そう言われれば、そうかもしれない。でも、違和感は消えない。


■美術の授業


美術の授業で、ルカは無意識のうちに絵を描いていた。今日のテーマは「大切な人」。でも、何を描けばいいのか分からなくて、手を動かすままに任せていた。


気がつくと、紙の上に人物が描かれていた。


白い着物の女性の後ろ姿。長い黒髪が、風に揺れている。優しい雰囲気が、線の一つ一つから伝わってくる。


「あれ...私、これ描いたの?」


自分でも驚いた。こんなに繊細な絵を描けたことがない。まるで、誰かが手を導いてくれたような――


でも、顔は描けない。描こうとすると、手が止まってしまう。何度も試みるが、顔の部分だけは空白のまま。


「素敵な絵ね」


田村先生が覗き込んだ。美術教師の目にも、この絵は特別に見えたらしい。


「でも、なんだか寂しそう。会いたい人?」


「...分かりません。でも、とても大切な人だった気がします」


「だった?」


過去形で言ってしまったことに、自分でも驚く。


「いえ...今も大切なはずなのに、誰だか思い出せなくて」


涙がこぼれそうになった。名前も顔も分からないのに、なぜこんなに胸が痛むのだろう。


「無理に思い出さなくてもいいのよ」


田村先生が優しく言った。


「でも、その人への想いは、この絵にちゃんと表れてる。それで十分じゃない?」


先生の言葉に、少し救われた気がした。


でも、やっぱり思い出したい。この人が誰なのか、なぜこんなに大切なのか。


■健司との出会い


放課後、校門で健司が待っていた。この一ヶ月、時々こうして会いに来てくれる。理由は聞いたことがないが、なぜか断れない。いや、断りたくない。


「ルカちゃん、今日はどうだった?」


「普通です。でも...」


「でも?」


「また、あの人の絵を描いてしまって」


ルカはスケッチブックを見せた。美術の授業で描いた、白い着物の女性の絵。


健司の表情が変わった。
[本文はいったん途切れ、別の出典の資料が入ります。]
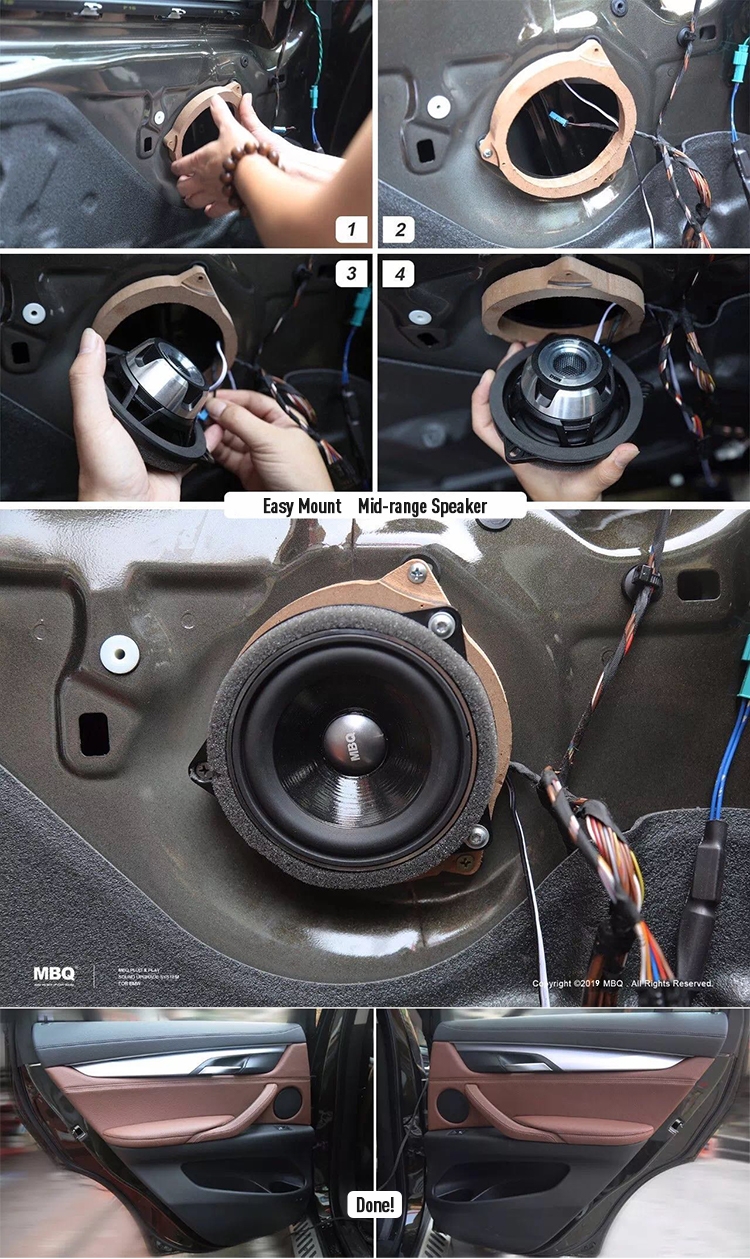 MBQ 寶馬專車(chē)專用兩分頻套裝喇叭 U40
驚きと、そして深い悲しみが混じったような顔。まるで、その絵の人物を知っているかのような――


「健司さん?」


「...不思議だな。俺も最近、似たような夢を見るんだ」


「夢?」


健司は遠い目をして語り始めた。


「白い着物の女性が出てくる夢。顔は見えないんだけど、すごく優しい感じがして」


「それ、どんな夢?」


「いつも同じ。その人が遠くへ行こうとして、俺が必死に引き止めようとする。でも、声が届かない。手も届かない」


健司の声が震えている。


「そして、最後にその人が振り返って、何か言うんだ。でも、声は聞こえない。ただ、口の形が『愛してる』って」


二人は顔を見合わせた。同じような体験をしている。これは偶然ではない。